NYCLU Threatens To Sue School Over Intelligent Design Elective
The New York Civil Liberties Union is threatening to sue the Northport school district over an elective class they offer during night school called “What is Creation Science?”. The class which is offered as part of a continuing education program for adults has received several complaints from Northport residents claiming a violation of the “establishment clause”.
“This kind of thing is dangerous,” countered Seth Muraskin, the executive director of the N.Y.C.L.U.’s Suffolk office. This month he notified the Northport school board by letter and in person that he might sue if it continues to offer Mr. Harrison’s course.
“If he was out on a street corner expressing his views,” Mr. Muraskin says, “I’d be the first person to fight for his right to do just that, but …”

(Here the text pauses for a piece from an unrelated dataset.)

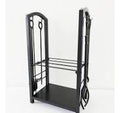 16 in. Black Metal Firewood Rack with Tool Set - Cueva de Machos 2.0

According to Mr. Muraskin, holding the class at a public school violates the establishment clause of the First Amendment. “If they were teaching it to kids during the day,” he says, “there would be yelling and screaming all over the place.”
Well for starters Mr. Muraskin, if the class was being taught during the day to school children, the reason there would be yelling and screaming (most of which would come from your organization), would be because the class was part of the required curriculum. Offering the course as an elective to adults who are presumably intelligent enough to understand the course is not offered as an endorsement of religion by the school district. The NYCLU, along with their national counterpart the ACLU, have continually threatened school districts with lawsuits anytime the subject of religion creeps into their hallways. Ironically, the school also offers an elective called “Problem Solving Through Buddhism”, which has yet to receive any such threats from the NYCLU or others.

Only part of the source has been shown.